Search code examples
phparchivefopenwinrar

Force opening and reading zip files from php


This may be a simple question or a pretty complex one, ill let you be the deciders.

Using PHP To open a zip file, extract the files to a directory and close the zip file is not a complicated class to make.

But lets say that the file is not a zip, but yet is able to be read by WinRar, examples of these files are like exe's SFX archives etc.

What factors do all these files have in conmen to allow WinRar to browse the source of them.

Another example is Anti Virus Software, that individually scan files within an EXE ?

So what an example:

$handle = fopen("an_unknown_file.abc", "rb");
while (!feof($handle))
{
    //What generic code could I use to determain weather the file can be extracted ?
}
fclose($handle);

Regards.


Solution

  • Zip's specifications allow the actual "zip" file portion to be embedded ANYWHERE within a file. It doesn't necessarily have to start at position '0' in the file.
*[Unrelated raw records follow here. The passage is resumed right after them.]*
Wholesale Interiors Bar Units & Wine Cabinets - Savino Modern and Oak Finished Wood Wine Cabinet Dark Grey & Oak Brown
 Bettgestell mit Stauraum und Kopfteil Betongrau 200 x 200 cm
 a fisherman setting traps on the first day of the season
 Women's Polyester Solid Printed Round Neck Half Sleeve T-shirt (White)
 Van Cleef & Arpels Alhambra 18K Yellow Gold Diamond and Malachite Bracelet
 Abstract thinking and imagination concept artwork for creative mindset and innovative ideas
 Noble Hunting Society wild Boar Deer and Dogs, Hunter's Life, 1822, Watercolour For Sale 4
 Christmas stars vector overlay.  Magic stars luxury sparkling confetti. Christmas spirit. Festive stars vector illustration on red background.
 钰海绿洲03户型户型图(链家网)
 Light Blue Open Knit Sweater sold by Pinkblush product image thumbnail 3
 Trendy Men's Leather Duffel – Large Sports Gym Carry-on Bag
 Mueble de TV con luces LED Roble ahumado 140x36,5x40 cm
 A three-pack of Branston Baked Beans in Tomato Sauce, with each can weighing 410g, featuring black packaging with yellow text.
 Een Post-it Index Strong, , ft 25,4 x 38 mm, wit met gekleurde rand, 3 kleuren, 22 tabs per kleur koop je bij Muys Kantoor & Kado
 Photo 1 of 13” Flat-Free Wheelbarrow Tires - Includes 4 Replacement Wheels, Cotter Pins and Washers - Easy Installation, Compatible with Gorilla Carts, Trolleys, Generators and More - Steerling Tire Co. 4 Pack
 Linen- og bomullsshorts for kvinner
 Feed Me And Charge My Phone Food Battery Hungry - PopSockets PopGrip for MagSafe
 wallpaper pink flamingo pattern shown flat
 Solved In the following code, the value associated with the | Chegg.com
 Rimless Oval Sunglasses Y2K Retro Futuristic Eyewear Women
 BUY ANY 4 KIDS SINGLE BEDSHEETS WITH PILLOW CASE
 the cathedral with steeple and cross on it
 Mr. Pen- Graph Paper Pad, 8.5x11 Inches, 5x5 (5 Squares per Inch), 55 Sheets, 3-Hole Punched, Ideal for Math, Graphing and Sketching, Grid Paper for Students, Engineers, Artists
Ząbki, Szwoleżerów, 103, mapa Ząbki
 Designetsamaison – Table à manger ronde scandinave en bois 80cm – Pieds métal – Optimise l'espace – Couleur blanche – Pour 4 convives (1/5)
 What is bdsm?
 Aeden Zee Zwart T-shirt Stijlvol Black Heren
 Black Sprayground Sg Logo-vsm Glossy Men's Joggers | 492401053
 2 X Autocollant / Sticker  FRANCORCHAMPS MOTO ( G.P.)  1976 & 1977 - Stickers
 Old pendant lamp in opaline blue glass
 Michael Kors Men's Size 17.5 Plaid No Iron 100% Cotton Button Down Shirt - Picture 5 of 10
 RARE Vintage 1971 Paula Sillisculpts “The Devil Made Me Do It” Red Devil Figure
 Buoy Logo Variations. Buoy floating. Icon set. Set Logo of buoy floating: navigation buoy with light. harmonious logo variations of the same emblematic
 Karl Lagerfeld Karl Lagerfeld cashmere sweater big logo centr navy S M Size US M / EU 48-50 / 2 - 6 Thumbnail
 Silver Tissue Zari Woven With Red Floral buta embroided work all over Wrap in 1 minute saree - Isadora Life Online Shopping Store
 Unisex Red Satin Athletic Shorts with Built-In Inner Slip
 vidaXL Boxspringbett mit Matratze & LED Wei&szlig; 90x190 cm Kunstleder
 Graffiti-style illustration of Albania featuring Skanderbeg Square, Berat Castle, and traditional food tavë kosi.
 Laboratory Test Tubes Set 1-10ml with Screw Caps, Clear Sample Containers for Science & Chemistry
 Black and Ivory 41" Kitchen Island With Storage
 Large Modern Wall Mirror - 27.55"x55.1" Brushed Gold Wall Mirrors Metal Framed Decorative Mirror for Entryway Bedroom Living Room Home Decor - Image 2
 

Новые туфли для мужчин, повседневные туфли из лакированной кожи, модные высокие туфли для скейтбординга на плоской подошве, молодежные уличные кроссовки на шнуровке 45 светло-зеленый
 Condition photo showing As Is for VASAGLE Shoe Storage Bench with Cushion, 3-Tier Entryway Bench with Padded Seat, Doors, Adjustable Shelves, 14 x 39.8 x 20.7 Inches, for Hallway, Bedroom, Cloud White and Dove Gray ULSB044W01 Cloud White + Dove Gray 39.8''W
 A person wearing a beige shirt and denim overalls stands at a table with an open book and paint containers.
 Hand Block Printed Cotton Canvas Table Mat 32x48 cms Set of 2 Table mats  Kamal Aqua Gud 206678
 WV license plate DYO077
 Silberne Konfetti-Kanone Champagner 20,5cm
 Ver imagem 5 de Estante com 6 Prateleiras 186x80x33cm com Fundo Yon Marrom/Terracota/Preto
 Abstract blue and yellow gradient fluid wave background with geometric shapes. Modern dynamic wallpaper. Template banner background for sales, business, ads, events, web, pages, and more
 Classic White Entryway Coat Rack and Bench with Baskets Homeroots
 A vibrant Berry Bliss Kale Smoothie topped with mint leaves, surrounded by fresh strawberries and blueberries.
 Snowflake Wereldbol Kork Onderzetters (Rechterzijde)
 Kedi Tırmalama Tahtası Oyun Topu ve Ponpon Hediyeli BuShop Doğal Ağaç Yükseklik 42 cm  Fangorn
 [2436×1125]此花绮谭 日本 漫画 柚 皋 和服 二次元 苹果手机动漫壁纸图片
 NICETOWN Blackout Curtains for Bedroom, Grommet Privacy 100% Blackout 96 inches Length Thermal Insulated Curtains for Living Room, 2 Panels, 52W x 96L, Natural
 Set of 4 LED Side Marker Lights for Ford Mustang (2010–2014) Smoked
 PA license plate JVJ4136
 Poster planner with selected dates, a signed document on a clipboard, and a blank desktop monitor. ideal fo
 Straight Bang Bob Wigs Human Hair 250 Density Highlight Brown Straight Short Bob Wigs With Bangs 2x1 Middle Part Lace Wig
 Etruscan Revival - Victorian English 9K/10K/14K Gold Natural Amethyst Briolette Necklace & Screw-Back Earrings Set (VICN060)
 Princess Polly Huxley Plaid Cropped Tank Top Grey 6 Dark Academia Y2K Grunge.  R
This is how self-extracting zips work. It's a small .exe stub program which has a larger .zip file appended to the end of it.

    Finding a zip is mostly a matter of scanning for a zip file's "magic number" within a file, then doing a few heuristics to determine if it's really a zip file, or just something random that happens to contain a zip's magic number.

    A .docx file is really just a .zip that contains various XML files representing a Word file's contents. Just like a .jar is a zip file that contains various different chunks of Java code.

    Winrar's got a bunch of extra code within it to scan through a file and look for any identifiable "this is a compress archive" type signatures, one of which happens to be that of a zip file's.

    There's nothing too magical about it. It's just a matter of scanning through a file and looking for signatures.